SWAHILI (Wa-Swahili, i.e. coast people, from the Arabic sāhil, coast), a term commonly applied to the inhabitants of Zanzibar and of the opposite mainland between the parallels of 2° and 9° S., who speak the Ki-Swahili language. The Swahili are essentially a mixed people, the result of long crossing between the negroes of the coast and the Arabs, with an admixture of slave blood from nearly all the East African tribes. Among Swahili are found every shade of colour and every type of physique from the full-blooded negro to the pure Semite. Usually they are a powerfully built, handsome people, inclined to stoutness and with Semitic features. They number about a million. They figured largely in the history of African enterprise during the 19th century.
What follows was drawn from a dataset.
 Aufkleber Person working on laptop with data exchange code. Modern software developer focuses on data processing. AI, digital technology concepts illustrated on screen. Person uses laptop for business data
The energy and intelligence derived from their Semitic blood have enabled them to take a leading part in the development of trade and the industries, as shown in the wide diffusion of their language, which, like the Hindustani in India and the Guarani in South America, has become the principal medium of intercommunication in a large area of Africa south of the equator. During his journey from the Indian Ocean to the Atlantic (1873-1874) Commander V. Lovett Cameron found that a knowledge of this language enabled him everywhere to dispense with the aid of an interpreter, as it was understood by one or more persons in all the tribes along the route. Owing to this circumstance the Swahili have been found invaluable assistants in every expedition from the eastern seaboard to the interior after they began to be employed by J. H. Speke and Richard Burton as porters and escorts in 1857. The language is somewhat archaic Bantu, much mixed with Arabic, while Indian, Persian and even English, Portuguese and German words have contributed to the vocabulary. Grammatical treatises on it have been published, and into it portions of the Bible have been translated by Bishop Steere. The Swahili are Mahommedans, but in disposition are genuine negroes. Christian missions among them have met with little success.
See Johann Ludwig Krapf, Dictionary of Swahili Language (London, 1882); Bishop Steere, Handbook of the Swahili Language (London, 1894); Collection of Swahili Folk-Tales (1869); A. C. Madan, English-Swahili Dictionary (Oxford, 1894); Delaunay, Grammaire Kiswahili (Paris, 1898). See also Bantu Languages.
- The language was first reduced to writing by the Arabs, who still use the Arabic character. But the European missionaries have replaced this by the Roman system, which is more suited for the transliteration of most African, and especially of the Bantu, tongues.